Sport | Football |
---|---|
Founded | 1941 |
Ceased | 1945 |
No. of teams | 8 |
Country | Scotland |
Last champion(s) | Aberdeen |
Most titles | Aberdeen (5) |
Related competitions | North Eastern League |
The North Eastern League Cup was a regional Scottish football competition held during the Second World War, due to the suspension of Scottish Football League. Held between 1941 and 1945, the competition was played in two stages each season (autumn and spring), mirroring the North Eastern League.
Aberdeen dominated the tournament, winning five times overall. Indeed, they appeared in six of the eight finals, only losing the second series in the 1941–42 season.
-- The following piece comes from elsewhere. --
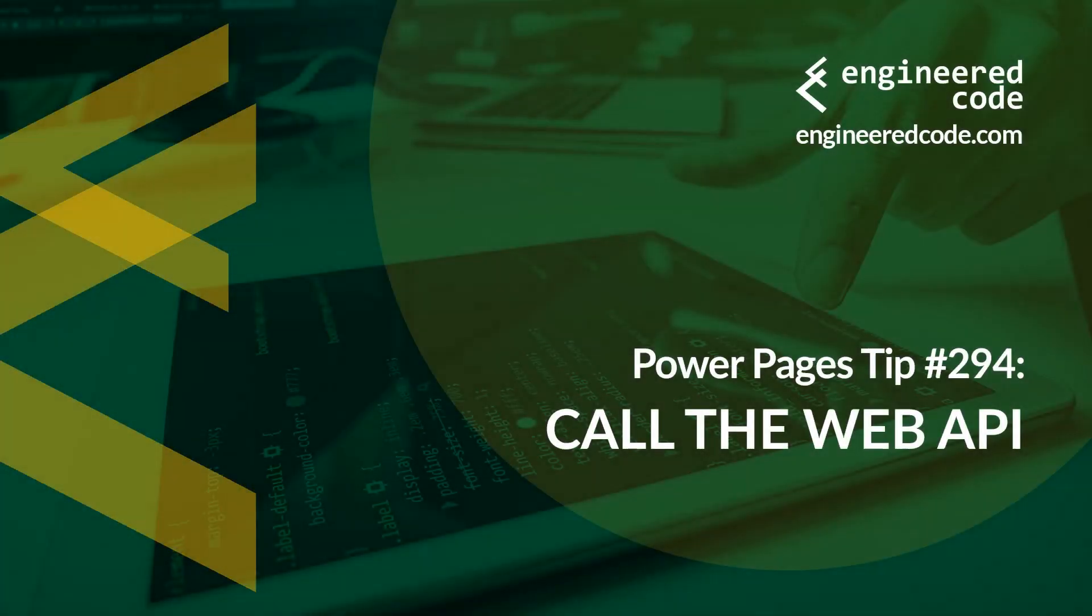Hello everyone, and welcome to Power Pages Tips. My name is Nicholas Hadouk, and this is tip number 294: Call the Web API.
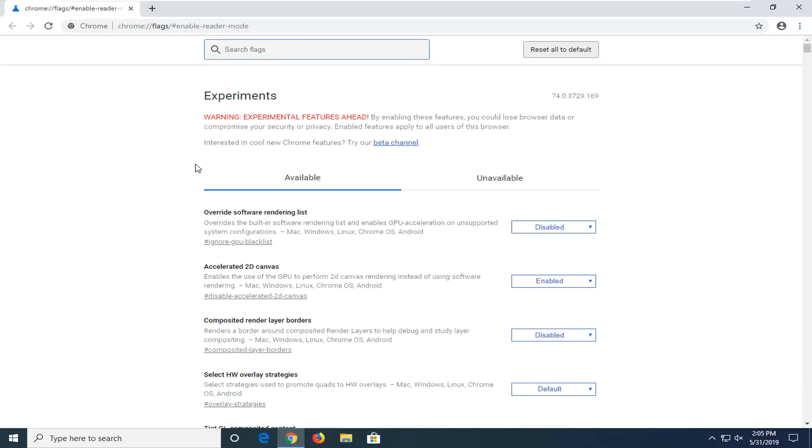There is a little disclaimer on the Chrome flags page as well. It says by enabling these features, you could lose browsing data or compromise your security or privacy. This is probably just a disclaimer to protect Google's liability.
Rangers 'A' (the Glasgow club's reserve team) won both series in the 1943–44 season and Dundee United won the remaining tournament.[1]
The North Eastern League Cup helped to contribute to the present-day Scottish League Cup: it was also merged with its Southern equivalent in the 1945–46 season, with the nationwide competition proving popular (the final, won by Aberdeen, attracted a crowd of crowd of 135,000 at Hampden Park).[2][3] It was thus continued on those lines on an official basis from then on.
As the war ended, regular league football returned in 1946, with the regional leagues and cups disbanded.